When we first told you about Russell’s plans to enter the ETF world, it was was with a series of nine ‘One World’ ETFs that sliced and diced the global equity market in a number of different ways. The company also filed with the SEC for two more ETFs, one which targets the large caps in developed markets besides the U.S. and a similar fund for emerging markets. Russell has continued to lay the groundwork for a venture into the ETF industry, recently filing details on another nine “One World” ETFs targeting the ex-U.S. market [see The Guide To Small Cap International ETFs].
Russell has also filed for eight fundamentally-driven ETFs:
- Russell Aggressive Growth ETF (AGRG)
- Russell Consistent Growth ETF (CONG)
- Russell Growth at a Reasonable Price ETF (GRPC)
- Russell Contrarian ETF (CNTR)
- Russell Equity Income ETF (EQIN)
- Russell Low P/E ETF (LWPE)
- Russell Small & Mid Cap Defensive Value ETF (no ticker available yet)
- Russell Small Cap Defensive Value ETF (no ticker available yet)
Russell is also planning to launch five more funds targeting equities using a more technical approach [also read Guide To ETF Technical Analysis]:
- Russell 1000 Low Beta ETF (LBTA)
- Russell 1000 High Beta ETF (HBTA)
- Russell 1000 Low Volatility ETF (LVOL)
- Russell 1000 High Volatility ETF (HVOL)

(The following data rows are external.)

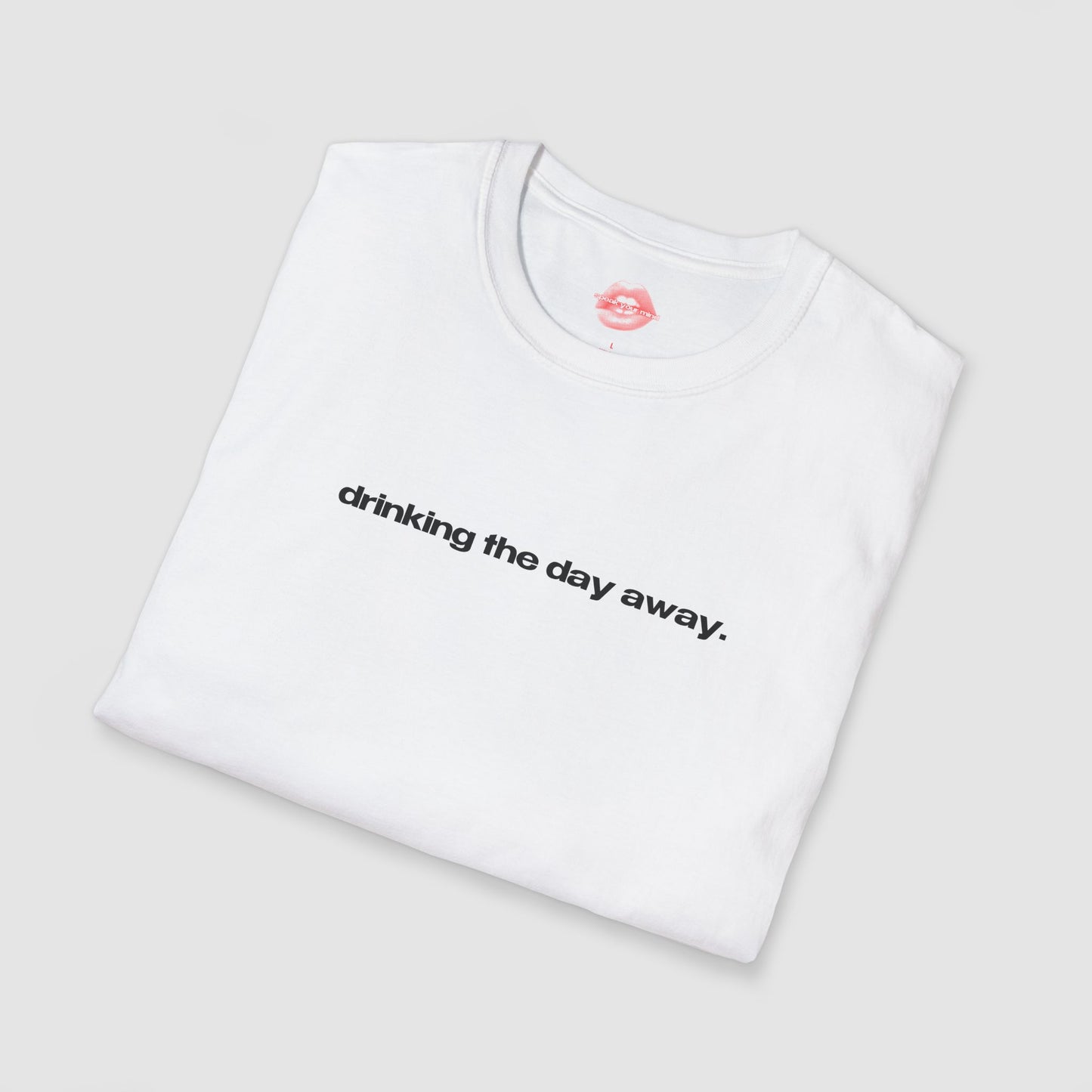 "Drinking The Day Away." | Text Only | T-Shirt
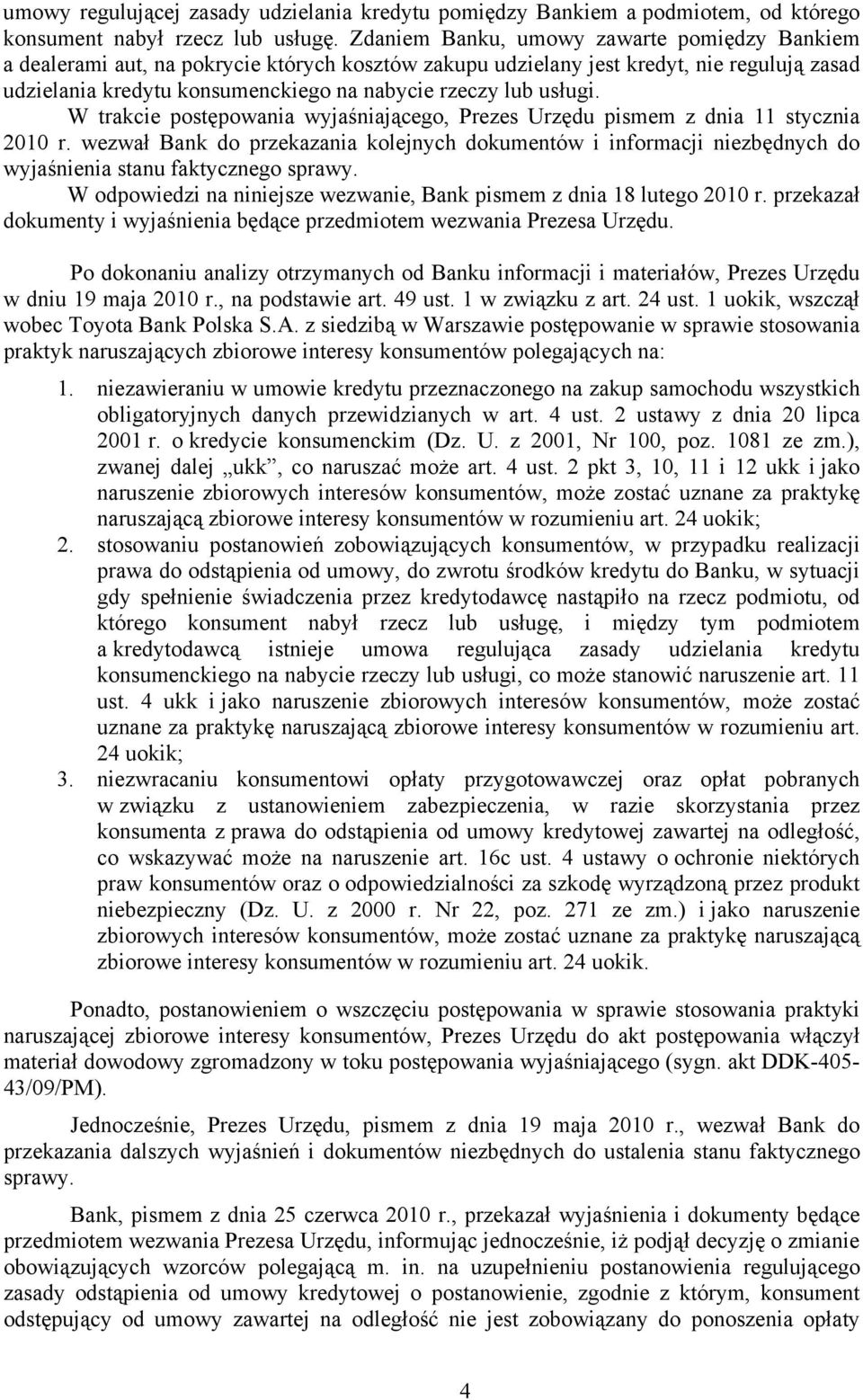 usługi. W trakcie postępowania wyjaśniającego, Prezes Urzędu pismem z dnia 11 stycznia 2010 r.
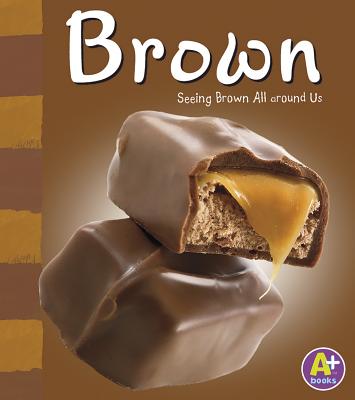 Brown: Seeing Brown All Around Us - Dahl, Michael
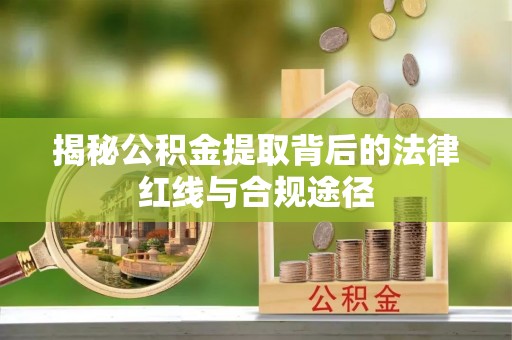 太湖揭秘公积金提取背后的法律红线与合规途径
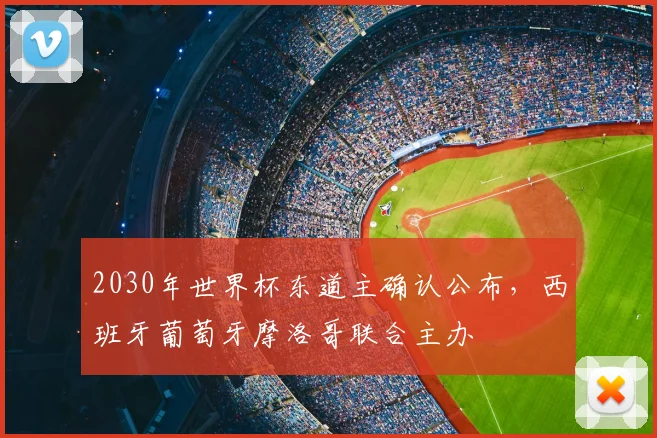 2030年世界杯东道主确认公布,西班牙葡萄牙摩洛哥联合主办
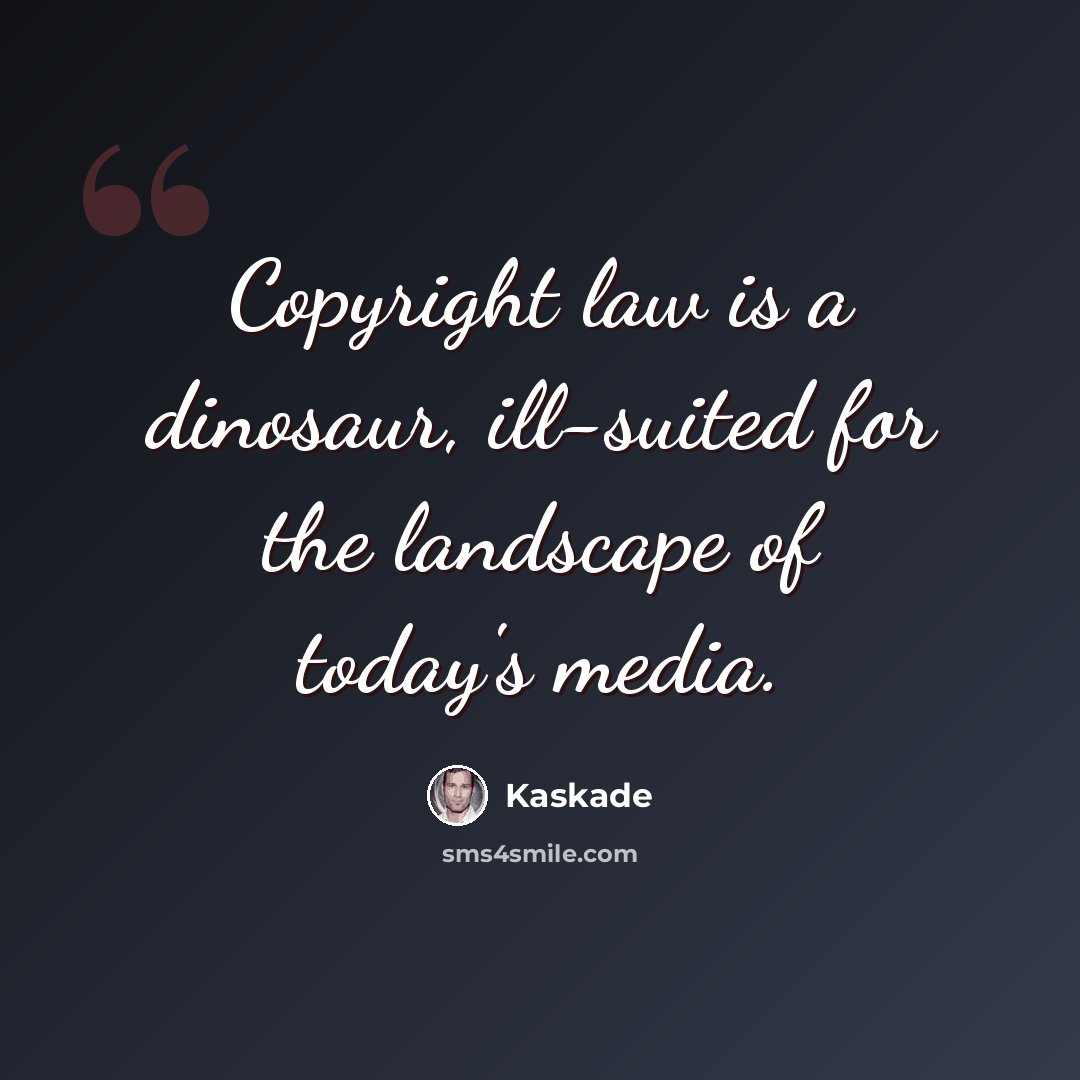 “Copyright law is a dinosaur, ill-suited for the landscape of today's media.” quote by Kaskade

- Russell 1000 High Momentum ETF (HMTM)
Russell seems poised to make a major splash in the ETF space in the not-so-distant future, potentially introducing more than two dozen equity funds in coming months. If Russell launches all of the proposed funds currently making their way through the approval process, the firm could immediately have a larger ETF presence–by number of funds, at least–than all but a handful of existing issuers. It appears as if the race for ETF market share is continuing to accelerate and is likely to remain tense well into 2011 as more companies see the promise and inevitable rise of the exchange traded fund.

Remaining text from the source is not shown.